Quote: >However, I'm about to begin work on a new CMUCL/Solaris app, and >it would be *really* nice to be able to set up the same >environment on my iBook. Nice enough that I'd be happy to pay >for it. Nice enough that I'd like to try to organize funding >for such an endeavor.
I have a similar problem - I could affort a commercial lisp for my personal machine, but not for my Solaris work machine(s). I would be interested in helping pay for a port, but I just saw that that Christophe Rhodes wrote on the SBCL mailing list: I don't want to steal anyone's thunder, but the SBCL port is essentially complete. There are as far as I recall two remaining issues; one is to sort out assembly syntax to enable ldso-stubs.S to compile, which will allow dynamic linking to work; the second is to generate an appropriate floating point environment such that traps can be handled decently, rather than producing infinities and NaNs. However, these two issues aside, the binaries that have been produced pass SBCL's regression test suite and those tests in Paul Dietz' suite that are expected to pass; in other words, a small amount of cleanup work would raise SBCL's MacOS port status to "supported". (Not in this month's release, but with luck next month, and I'd hope that it would make an appearance in the CVS repository early rather than late).

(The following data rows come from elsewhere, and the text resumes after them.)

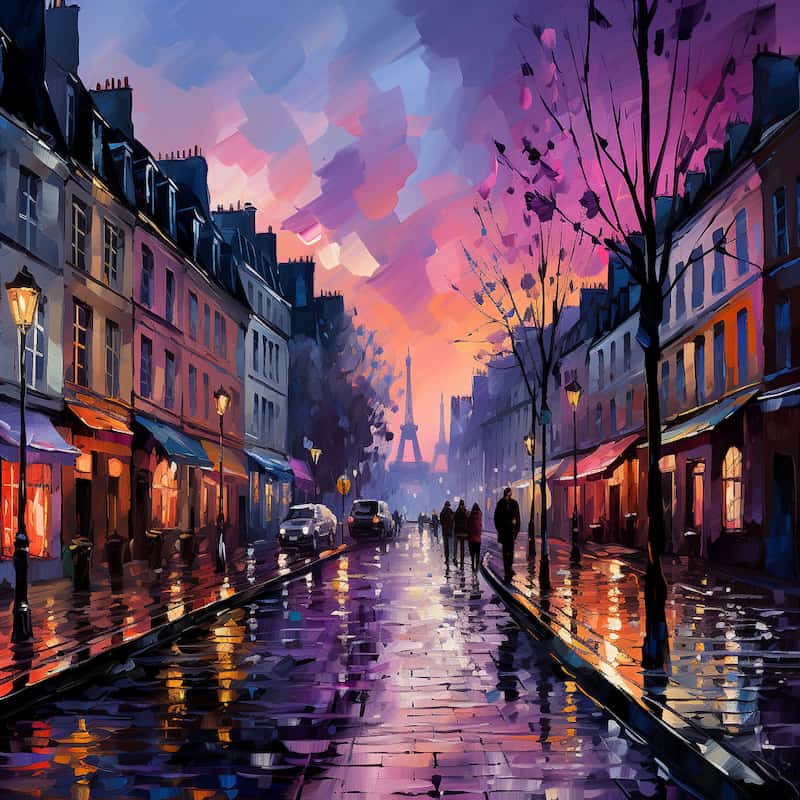 Paint by numbers of a Paris street at sunset with glowing lights, colorful reflections, and the Eiffel Tower in the distance.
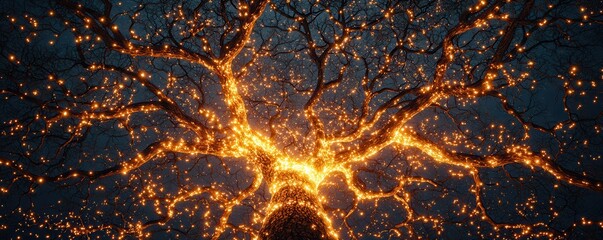 Glowing tree canopy with vibrant energy and water vapor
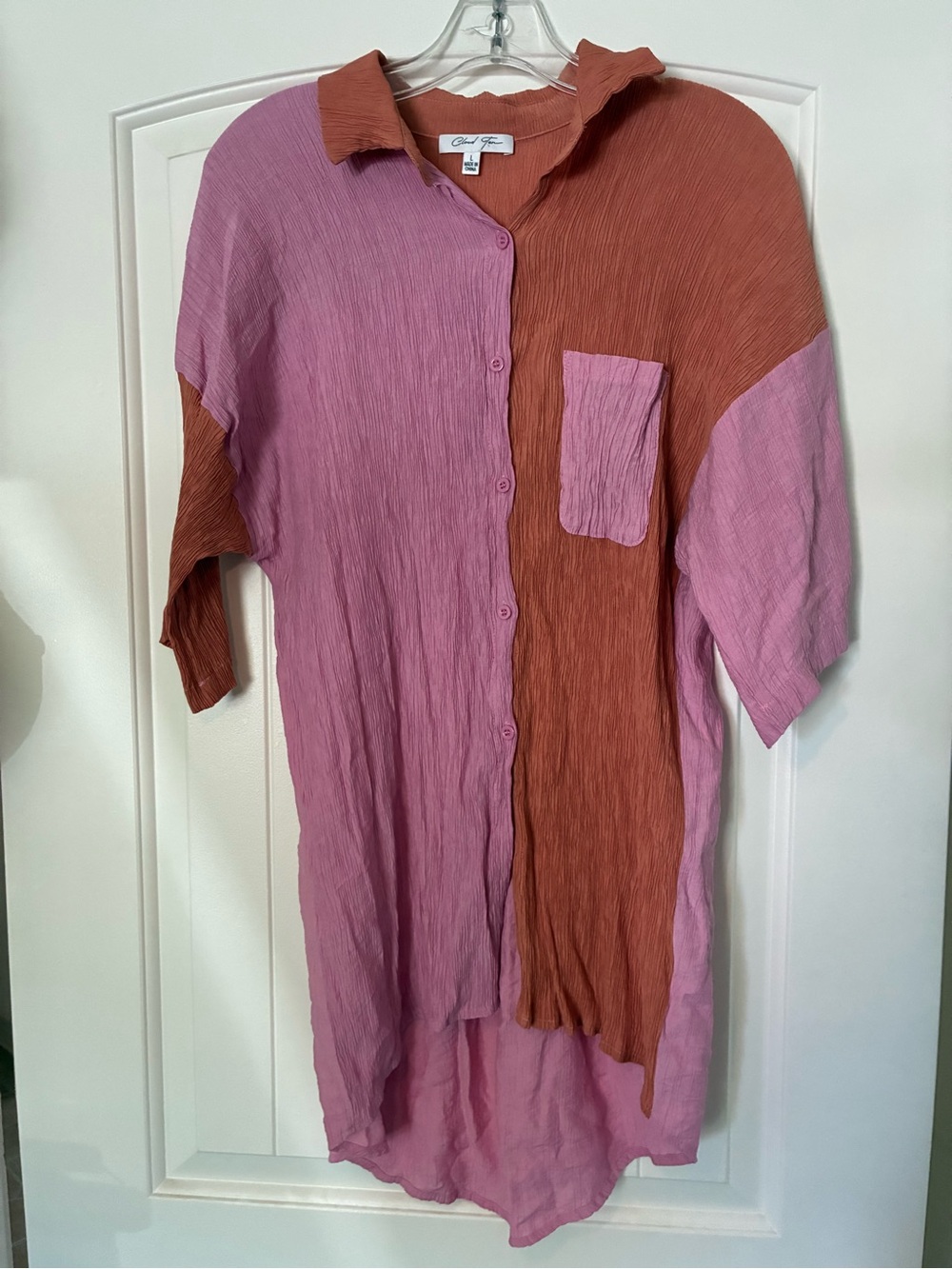 Cloud Ten crinkle colorblock oversized shirt | artsy boho lagenlook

Quote: > I'm curious: what are the gaps that you see between SBCL and > CMUCL currently?
I simply don't use SBCL because I used CMUCL from the start, and being a mere user I don't mind CMUCL's supposed internal ugliness. I have the vague impression that CMUCL is more stable and the compiler is faster because SBCL was a bit de-optimized before being rebuilt. Is this true? I also have the impression that SBCL is on its way to having OS-level threads.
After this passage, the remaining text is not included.